* About this exercise *
Using the line with "Cropped Feminino Alça Fina Suplex Plus Size" as your starting point, transcribe it and each line beneath it word for word until the records run out, without pictures.

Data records
* * * * * * * * *
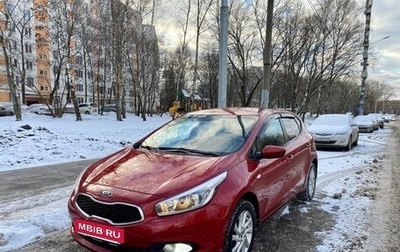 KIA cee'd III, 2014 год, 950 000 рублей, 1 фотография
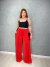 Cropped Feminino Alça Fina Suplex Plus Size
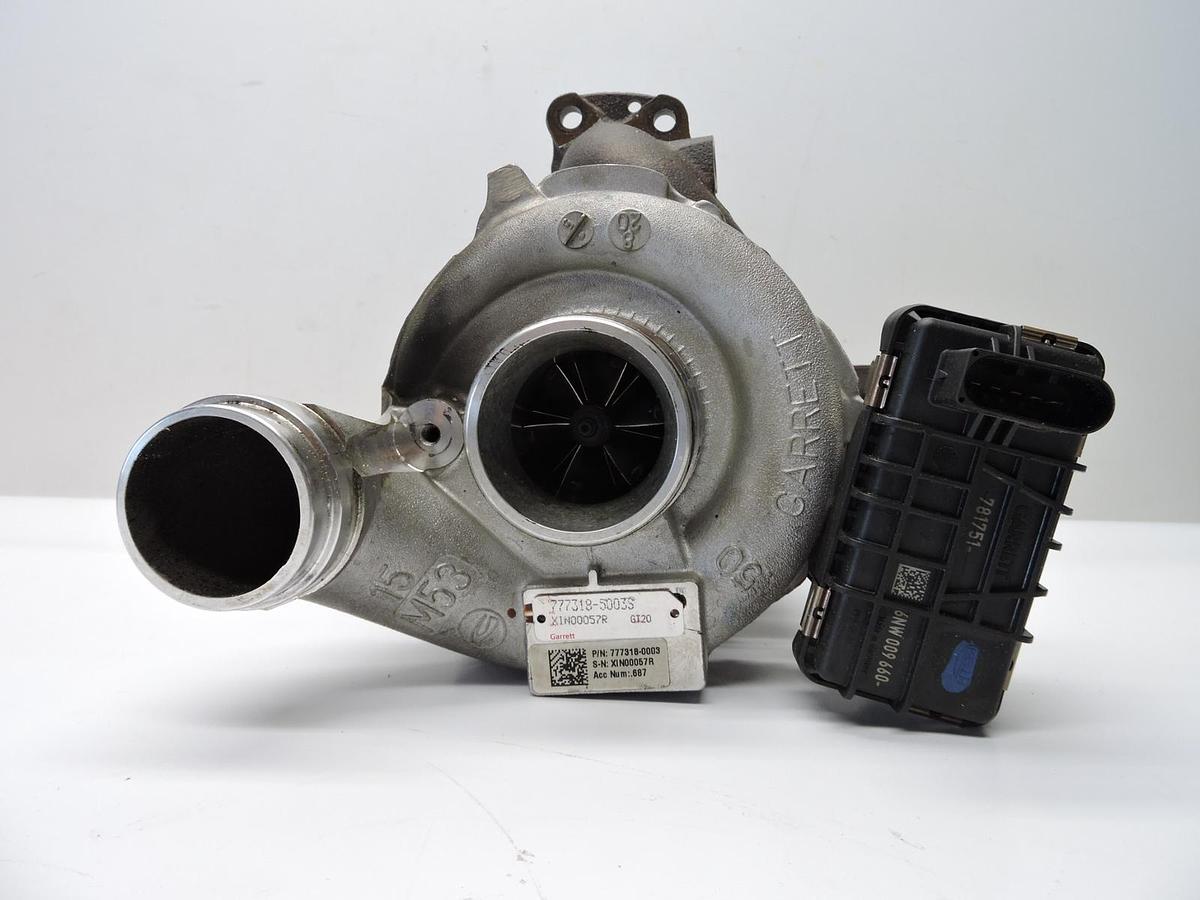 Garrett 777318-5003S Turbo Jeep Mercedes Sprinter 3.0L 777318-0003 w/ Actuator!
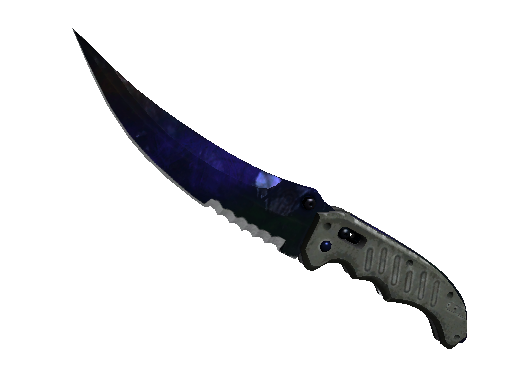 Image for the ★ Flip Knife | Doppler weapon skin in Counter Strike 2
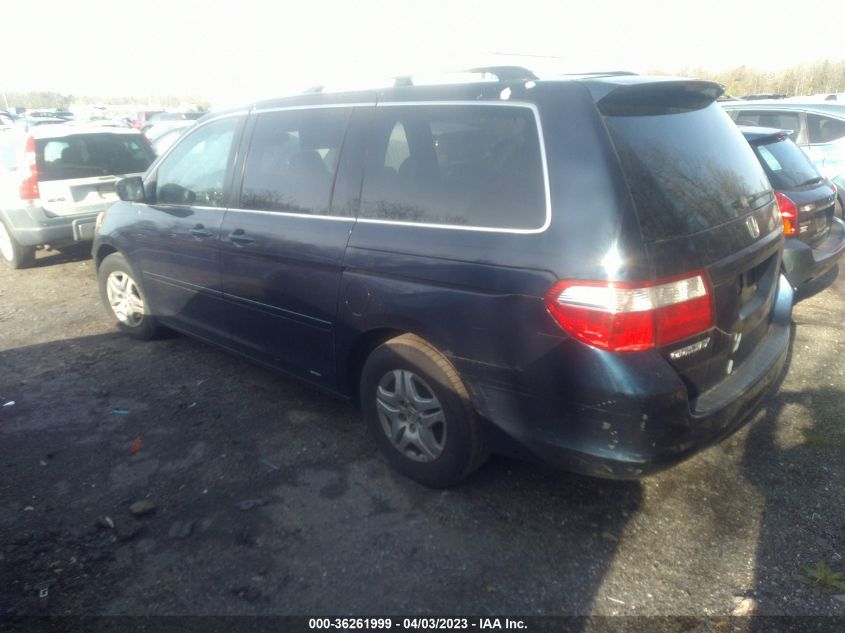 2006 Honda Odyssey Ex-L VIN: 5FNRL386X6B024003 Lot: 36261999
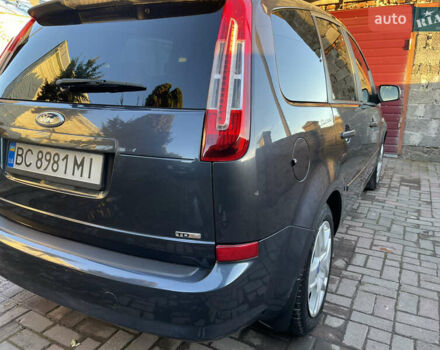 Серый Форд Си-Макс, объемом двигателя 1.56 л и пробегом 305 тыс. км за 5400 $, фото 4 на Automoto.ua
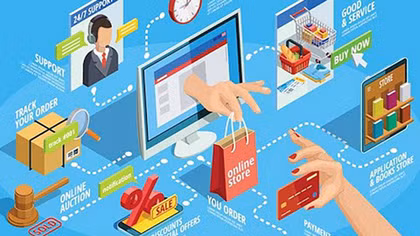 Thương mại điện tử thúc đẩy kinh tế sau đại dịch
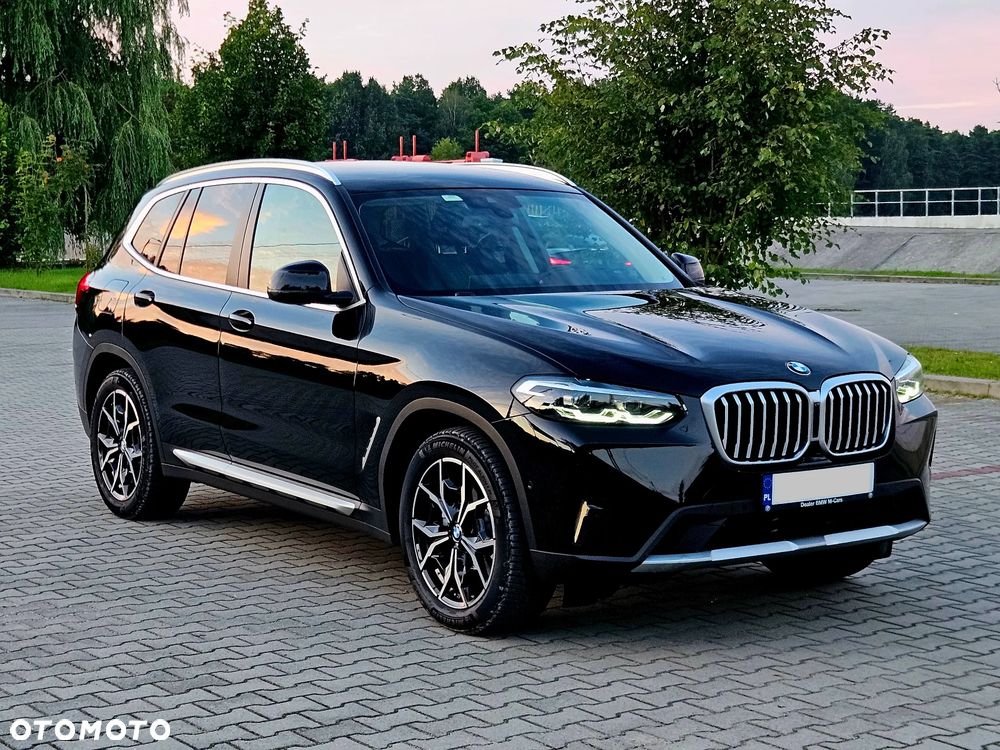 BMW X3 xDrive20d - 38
* * * * * * * * *
* Finished exercise *
 Cropped Feminino Alça Fina Suplex Plus Size
 Garrett 777318-5003S Turbo Jeep Mercedes Sprinter 3.0L 777318-0003 w/ Actuator!
 Image for the ★ Flip Knife | Doppler weapon skin in Counter Strike 2
 2006 Honda Odyssey Ex-L VIN: 5FNRL386X6B024003 Lot: 36261999
 Серый Форд Си-Макс, объемом двигателя 1.56 л и пробегом 305 тыс. км за 5400 $, фото 4 на Automoto.ua
 Thương mại điện tử thúc đẩy kinh tế sau đại dịch
 BMW X3 xDrive20d - 38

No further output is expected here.